Daniel Conti, diretor-geral da Vice, presente no mesmo painel, corroborou essa preocupação. “Com nosso público, que são os millennials para isso, não há problemas com a mensagem publicitária. A seara que está mais complicada é a da informação apurada”. Neste ano eleitoral, o maior desafio da Vice, segundo ele, será como tratar as fake news. “Millennials são o público-alvo dessas ações. No sentido comercial, estamos tranquilos. Eles sabem distinguir bem o que é publicidade. A preocupação é com a distinção do que é notícia verdadeira”.
Ao Clubeonline, Nizan afirmou que a melhor maneira de se tratar a questão é fazendo com que as plataformas digitais participem do debate levando o assunto muito a sério. “Elas não podem falar que não são empresas de mídia”. E sugeriu que, assim como existe o Conar para regulamentar a publicidade, os veículos se organizem para ter formas aprimoradas de detectar fake news e, assim, combatê-las.

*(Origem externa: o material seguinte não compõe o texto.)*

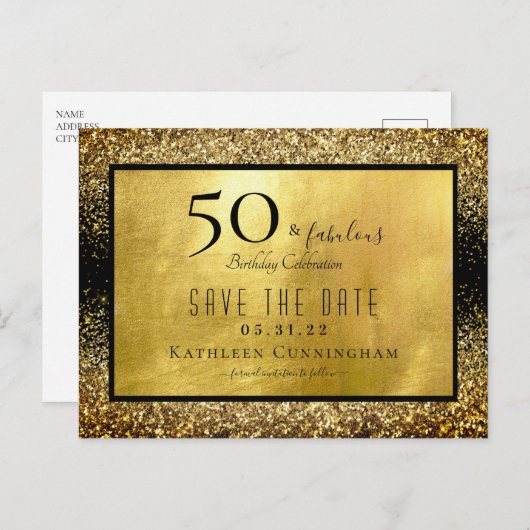 50 & Fabulous Gold Glitzer Save the Date Postkarte (Vorne/Hinten)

Por sua vez, Conti avaliou que, como o tema está relacionado à credibilidade, as marcas deveriam acompanhar de perto as discussões. “Autenticidade e credibilidade são justamente valores que os jovens mais destacam”, disse ao Clubeonline. Ele acrescentou que as marcas devem ter uma persona. Que não são apenas os quesitos comerciais que devem movê-las no mundo hoje. Conti observou ainda que as plataformas digitais foram fundadas por jovens que se baseavam em tecnologia, em eficiência. A comunicação não estava no radar. Por isso, é preciso reforçar esse lado. “O mercado tem de ter uma postura crítica em relação às plataformas tecnológicas. Até porque isso, no final, tem a ver com a sobrevivência do negócio”.